Someone told me once you can’t keep complaining about something if you’re not gonna do anything about it. But I’ve found that you can, pretty easily.
DATE: so this is my dad and this is his porcelain cat collection
ME: wow, I feel like I’m in a
DATE: no
ME: mewseum
DAD: *nods his approval*
I wonder how police on bikes arrest people.
“Alright get in the basket.“
What are you hiding in your locked instagram? sandwiches? Sunsets???? let us see your nephew!!!!
date: what are you thinking about
me: fall should be spelled fa//
date:
me:
date: fell should be spelled fe_ _
*we kiss*
A few years back a guy in law school asked me how much for a foot massage and being the idiot I am, thought he was asking how much I paid for reflexology so I said “I pay $50 plus a tip but my guy is booked for the next 3 months” and he didn’t talk to me again until 2L year
The art of conversation, otherwise known as two or more people each awaiting their chance to interrupt.
Melted butter is an essential oil, right?…..right??
My heart says curly fries but my BMI is suggesting salad.
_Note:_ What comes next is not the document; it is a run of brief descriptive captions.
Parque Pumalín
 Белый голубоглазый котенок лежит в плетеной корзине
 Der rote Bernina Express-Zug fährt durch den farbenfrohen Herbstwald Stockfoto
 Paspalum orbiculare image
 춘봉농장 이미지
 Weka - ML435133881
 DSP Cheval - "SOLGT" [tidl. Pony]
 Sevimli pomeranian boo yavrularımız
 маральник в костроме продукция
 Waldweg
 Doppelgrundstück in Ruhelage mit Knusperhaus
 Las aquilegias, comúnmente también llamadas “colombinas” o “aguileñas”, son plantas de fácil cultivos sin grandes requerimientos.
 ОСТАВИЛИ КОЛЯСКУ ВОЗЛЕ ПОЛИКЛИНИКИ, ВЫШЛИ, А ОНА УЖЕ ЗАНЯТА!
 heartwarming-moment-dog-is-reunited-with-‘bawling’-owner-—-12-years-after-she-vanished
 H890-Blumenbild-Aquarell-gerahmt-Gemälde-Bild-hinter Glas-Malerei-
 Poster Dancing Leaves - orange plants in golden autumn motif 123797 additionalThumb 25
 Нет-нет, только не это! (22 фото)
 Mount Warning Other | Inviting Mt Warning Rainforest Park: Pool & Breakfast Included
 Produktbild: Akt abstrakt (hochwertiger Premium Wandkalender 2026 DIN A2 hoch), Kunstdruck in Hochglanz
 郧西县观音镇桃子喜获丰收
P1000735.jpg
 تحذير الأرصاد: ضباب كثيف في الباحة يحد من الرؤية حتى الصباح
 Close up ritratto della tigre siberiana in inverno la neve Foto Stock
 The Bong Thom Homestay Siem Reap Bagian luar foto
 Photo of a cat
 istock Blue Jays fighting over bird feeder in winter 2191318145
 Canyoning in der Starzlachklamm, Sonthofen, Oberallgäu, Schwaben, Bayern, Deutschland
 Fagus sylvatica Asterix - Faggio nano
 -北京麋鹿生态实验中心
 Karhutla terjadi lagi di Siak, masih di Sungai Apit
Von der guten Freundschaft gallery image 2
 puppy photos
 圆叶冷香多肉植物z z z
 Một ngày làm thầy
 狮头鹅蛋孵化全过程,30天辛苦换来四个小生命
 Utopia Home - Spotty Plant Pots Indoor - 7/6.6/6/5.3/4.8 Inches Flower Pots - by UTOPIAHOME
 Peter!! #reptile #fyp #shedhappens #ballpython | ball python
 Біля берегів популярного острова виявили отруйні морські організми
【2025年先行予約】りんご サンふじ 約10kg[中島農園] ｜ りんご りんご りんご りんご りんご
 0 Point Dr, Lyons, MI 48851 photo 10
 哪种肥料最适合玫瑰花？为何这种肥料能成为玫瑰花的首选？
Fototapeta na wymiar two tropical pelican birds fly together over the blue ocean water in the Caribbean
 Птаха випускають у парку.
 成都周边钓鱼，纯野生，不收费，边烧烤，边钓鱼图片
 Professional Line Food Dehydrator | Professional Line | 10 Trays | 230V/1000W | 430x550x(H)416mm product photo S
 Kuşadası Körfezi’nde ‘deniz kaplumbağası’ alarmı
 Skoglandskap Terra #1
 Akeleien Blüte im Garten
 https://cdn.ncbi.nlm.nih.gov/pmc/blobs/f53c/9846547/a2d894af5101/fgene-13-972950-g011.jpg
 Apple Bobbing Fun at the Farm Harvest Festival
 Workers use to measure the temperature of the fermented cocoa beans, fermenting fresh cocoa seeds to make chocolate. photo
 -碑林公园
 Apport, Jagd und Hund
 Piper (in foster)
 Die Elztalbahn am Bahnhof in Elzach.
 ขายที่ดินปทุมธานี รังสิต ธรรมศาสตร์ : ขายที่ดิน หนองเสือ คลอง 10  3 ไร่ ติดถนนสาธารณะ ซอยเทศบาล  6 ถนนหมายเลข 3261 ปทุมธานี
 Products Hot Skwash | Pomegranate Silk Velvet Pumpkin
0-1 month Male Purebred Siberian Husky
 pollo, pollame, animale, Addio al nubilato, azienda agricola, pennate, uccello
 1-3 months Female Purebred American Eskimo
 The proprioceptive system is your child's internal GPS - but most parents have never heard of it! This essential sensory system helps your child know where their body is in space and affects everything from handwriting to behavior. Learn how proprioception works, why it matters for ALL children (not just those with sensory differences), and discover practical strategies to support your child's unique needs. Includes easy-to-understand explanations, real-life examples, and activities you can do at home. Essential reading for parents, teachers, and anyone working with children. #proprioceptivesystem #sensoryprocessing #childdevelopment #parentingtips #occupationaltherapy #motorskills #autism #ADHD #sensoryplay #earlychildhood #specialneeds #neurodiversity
I have poor night vision so I upgraded to LED headlights because it’s important to me to ensure nobody else can see either.
Her: Look, I made a huge mistake hooking up with you, OK? I love my boyfriend.
Me: Yea, I could really sense that when you were taking my belt off with your teeth…
The thin membrane under the shell of a boiled egg is what’s left of the rooster’s broken condom, and that was my Dad’s sex talk. I’ll always remember that Easter.
If I had a time machine I’d probably go back and kill Hitler but I’d definitely stop on the way to object at my wedding.
I don’t wish my ex-husband ill. I just hope he can’t ever find a parking spot and that his food is never quite the right temperature.
producer [at a stuntman’s funeral]: he died for our scenes.
Girl, yo grammatical atrocities so huge, you need typosuction.
Labreador
An obese old man who breaks into your house at night? A tiny flying woman who buys your dead teeth? It’s a wonder children can sleep at all.